Crescimento parecido teve a Associação dos Amigos do Projeto Guri, que administra oficinas de educação musical a crianças e jovens: dos R$ 15,2 milhões recebidos em 2005 (para atender 21 mil alunos), saltou para R$ 56 milhões em 2010 (previsão de atender 53 mil alunos). Tinha no início 55 empregados; hoje, são 1.631.
Ambas são OS (Organizações Sociais) do setor cultural, entidades de direito privado sem fins lucrativos, credenciadas, por lei, para administrar projetos e equipamentos culturais públicos. E, como muitas das 19 entidades credenciadas, multiplicaram com rapidez verba e atribuições, tornando-se superestruturas.
Passados cinco anos dos primeiros contratos, assinados no fim de 2004, todos os equipamentos culturais do Estado são administrados por OS com dinheiro público. O valor dos repasses aumenta a cada ano. Em 2008, o percentual destinado às OS atingiu 69,7% do orçamento da secretaria -depois, decaiu pelo aumento do investimento em obras.
Também utilizado na área de saúde, as OS são amparadas por uma lei estadual. O texto dispensa licitação para a escolha das entidades. Impõe a criação de conselhos de administração, fiscalização externa e a publicação anual de relatórios.
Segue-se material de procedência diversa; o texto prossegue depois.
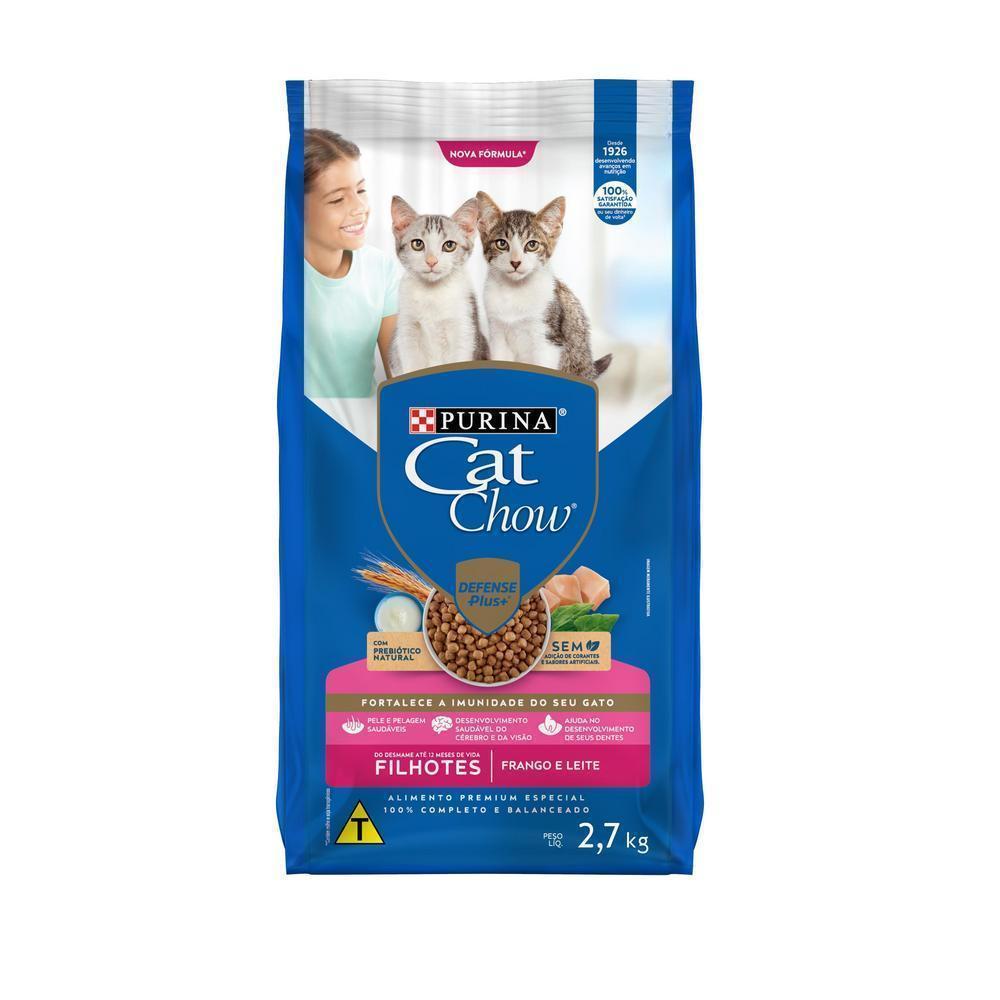 Ração CAT CHOW Gatos Filhotes Frango 2,7kg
Decreto de 2006 fixou normas para contratação de pessoal pelas OS, como divulgação do processo seletivo e vedação à admissão de parentes dos diretores (que são remunerados) e conselheiros (não são).
A natureza jurídica das OS permite que elas captem recursos além da verba pública, mas em geral essa fonte "externa" representa minoria nos orçamentos. Isso até em casos como o da Fundação Osesp (da Sinfônica do Estado). Com grande potencial de retorno e um conselho repleto de personalidades, receberá em 2010 ao menos R$ 43 milhões do governo, enquanto, segundo a secretaria, a previsão de captação de outros recursos (incluindo Lei Rouanet) é de R$ 24 milhões.
Críticos alegam que o modelo é uma privatização branca. O Estado defende que as OS flexibilizam a gestão. Para o secretário da Cultura, João Sayad, o modelo está consolidado.
À secretaria, diz ele, cabe definir as políticas públicas. A diretriz às vezes entra em choque com a desejada autonomia das OS quanto ao rumo artístico dos projetos.
Legalidade das OS será examinada
STF planeja retomar neste semestre julgamento contra a lei federal que permitiu a criação das organizações sociais
Se a lei for considerada inconstitucional, pode pôr fim às organizações sociais nos Estados em que elas já são desenvolvidas, como SP
DA REPORTAGEM LOCAL
Doze anos depois de sancionada as leis que instituem as Organizações Sociais, a controvérsia em torno da legalidade do modelo pode ter um desfecho. O STF (Supremo Tribunal Federal) planeja retomar ainda neste semestre o julgamento de uma Adin (Ação Direta de Inconstitucionalidade) contra a lei federal que permitiu a criação das OS, sancionada em 1998 pelo governo Fernando Henrique Cardoso.
O teor do texto é semelhante ao da lei estadual, do mesmo ano, que ampara as OS de cultura e de saúde em São Paulo.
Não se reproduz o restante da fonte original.